◆ WHAT NEEDS TO BE DONE
Here are some records; return them all exactly.

----------

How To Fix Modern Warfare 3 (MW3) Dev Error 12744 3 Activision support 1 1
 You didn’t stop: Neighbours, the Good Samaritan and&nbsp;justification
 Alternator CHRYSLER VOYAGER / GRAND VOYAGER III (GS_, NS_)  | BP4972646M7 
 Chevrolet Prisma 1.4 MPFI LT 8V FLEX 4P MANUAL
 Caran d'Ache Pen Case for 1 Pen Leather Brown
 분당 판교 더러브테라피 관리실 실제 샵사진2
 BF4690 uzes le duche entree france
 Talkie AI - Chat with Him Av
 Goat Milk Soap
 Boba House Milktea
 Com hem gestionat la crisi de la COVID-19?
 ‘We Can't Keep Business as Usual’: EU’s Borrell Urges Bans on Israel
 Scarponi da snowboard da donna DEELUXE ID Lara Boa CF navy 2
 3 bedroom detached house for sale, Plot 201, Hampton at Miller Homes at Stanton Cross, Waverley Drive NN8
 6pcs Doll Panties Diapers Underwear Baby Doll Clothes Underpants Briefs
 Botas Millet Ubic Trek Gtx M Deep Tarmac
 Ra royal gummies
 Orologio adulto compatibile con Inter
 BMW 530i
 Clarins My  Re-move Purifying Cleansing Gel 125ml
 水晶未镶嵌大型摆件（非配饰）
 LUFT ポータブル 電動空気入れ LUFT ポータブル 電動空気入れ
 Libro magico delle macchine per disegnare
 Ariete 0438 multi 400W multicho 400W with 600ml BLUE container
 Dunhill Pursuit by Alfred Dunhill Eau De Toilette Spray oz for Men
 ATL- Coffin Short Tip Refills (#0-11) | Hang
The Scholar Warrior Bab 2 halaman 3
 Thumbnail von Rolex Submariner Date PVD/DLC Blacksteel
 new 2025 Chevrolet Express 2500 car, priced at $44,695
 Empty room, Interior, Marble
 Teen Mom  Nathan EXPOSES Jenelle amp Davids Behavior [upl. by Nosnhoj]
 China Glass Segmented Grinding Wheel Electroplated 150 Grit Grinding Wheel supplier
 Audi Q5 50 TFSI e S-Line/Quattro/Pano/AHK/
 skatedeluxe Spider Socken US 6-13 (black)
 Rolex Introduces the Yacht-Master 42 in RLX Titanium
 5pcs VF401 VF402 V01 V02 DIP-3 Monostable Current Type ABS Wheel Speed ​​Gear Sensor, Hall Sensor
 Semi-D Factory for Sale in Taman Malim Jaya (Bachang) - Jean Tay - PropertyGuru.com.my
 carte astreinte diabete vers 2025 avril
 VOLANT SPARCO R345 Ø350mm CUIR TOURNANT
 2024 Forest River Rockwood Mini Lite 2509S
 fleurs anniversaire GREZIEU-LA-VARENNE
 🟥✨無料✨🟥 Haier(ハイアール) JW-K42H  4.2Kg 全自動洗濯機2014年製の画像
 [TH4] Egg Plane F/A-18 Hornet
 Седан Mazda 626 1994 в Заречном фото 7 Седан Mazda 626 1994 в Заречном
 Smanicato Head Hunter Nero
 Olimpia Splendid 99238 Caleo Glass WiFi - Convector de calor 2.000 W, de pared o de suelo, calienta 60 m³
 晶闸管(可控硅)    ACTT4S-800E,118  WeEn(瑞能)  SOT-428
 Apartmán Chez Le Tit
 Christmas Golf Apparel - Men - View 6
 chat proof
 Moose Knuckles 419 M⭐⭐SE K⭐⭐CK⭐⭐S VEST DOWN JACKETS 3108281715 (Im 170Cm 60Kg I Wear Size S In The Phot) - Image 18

----------

◆ OUTPUT FOR THIS TASK
How To Fix Modern Warfare 3 (MW3) Dev Error 12744 3 Activision support 1 1
 You didn’t stop: Neighbours, the Good Samaritan and&nbsp;justification
 Alternator CHRYSLER VOYAGER / GRAND VOYAGER III (GS_, NS_)  | BP4972646M7 
 Chevrolet Prisma 1.4 MPFI LT 8V FLEX 4P MANUAL
 Caran d'Ache Pen Case for 1 Pen Leather Brown
 분당 판교 더러브테라피 관리실 실제 샵사진2
 BF4690 uzes le duche entree france
 Talkie AI - Chat with Him Av
 Goat Milk Soap
 Boba House Milktea
 Com hem gestionat la crisi de la COVID-19?
 ‘We Can't Keep Business as Usual’: EU’s Borrell Urges Bans on Israel
 Scarponi da snowboard da donna DEELUXE ID Lara Boa CF navy 2
 3 bedroom detached house for sale, Plot 201, Hampton at Miller Homes at Stanton Cross, Waverley Drive NN8
 6pcs Doll Panties Diapers Underwear Baby Doll Clothes Underpants Briefs
 Botas Millet Ubic Trek Gtx M Deep Tarmac
 Ra royal gummies
 Orologio adulto compatibile con Inter
 BMW 530i
 Clarins My  Re-move Purifying Cleansing Gel 125ml
 水晶未镶嵌大型摆件（非配饰）
 LUFT ポータブル 電動空気入れ LUFT ポータブル 電動空気入れ
 Libro magico delle macchine per disegnare
 Ariete 0438 multi 400W multicho 400W with 600ml BLUE container
 Dunhill Pursuit by Alfred Dunhill Eau De Toilette Spray oz for Men
 ATL- Coffin Short Tip Refills (#0-11) | Hang
The Scholar Warrior Bab 2 halaman 3
 Thumbnail von Rolex Submariner Date PVD/DLC Blacksteel
 new 2025 Chevrolet Express 2500 car, priced at $44,695
 Empty room, Interior, Marble
 Teen Mom  Nathan EXPOSES Jenelle amp Davids Behavior [upl. by Nosnhoj]
 China Glass Segmented Grinding Wheel Electroplated 150 Grit Grinding Wheel supplier
 Audi Q5 50 TFSI e S-Line/Quattro/Pano/AHK/
 skatedeluxe Spider Socken US 6-13 (black)
 Rolex Introduces the Yacht-Master 42 in RLX Titanium
 5pcs VF401 VF402 V01 V02 DIP-3 Monostable Current Type ABS Wheel Speed ​​Gear Sensor, Hall Sensor
 Semi-D Factory for Sale in Taman Malim Jaya (Bachang) - Jean Tay - PropertyGuru.com.my
 carte astreinte diabete vers 2025 avril
 VOLANT SPARCO R345 Ø350mm CUIR TOURNANT
 2024 Forest River Rockwood Mini Lite 2509S
 fleurs anniversaire GREZIEU-LA-VARENNE
 🟥✨無料✨🟥 Haier(ハイアール) JW-K42H  4.2Kg 全自動洗濯機2014年製の画像
 [TH4] Egg Plane F/A-18 Hornet
 Седан Mazda 626 1994 в Заречном фото 7 Седан Mazda 626 1994 в Заречном
 Smanicato Head Hunter Nero
 Olimpia Splendid 99238 Caleo Glass WiFi - Convector de calor 2.000 W, de pared o de suelo, calienta 60 m³
 晶闸管(可控硅)    ACTT4S-800E,118  WeEn(瑞能)  SOT-428
 Apartmán Chez Le Tit
 Christmas Golf Apparel - Men - View 6
 chat proof
 Moose Knuckles 419 M⭐⭐SE K⭐⭐CK⭐⭐S VEST DOWN JACKETS 3108281715 (Im 170Cm 60Kg I Wear Size S In The Phot) - Image 18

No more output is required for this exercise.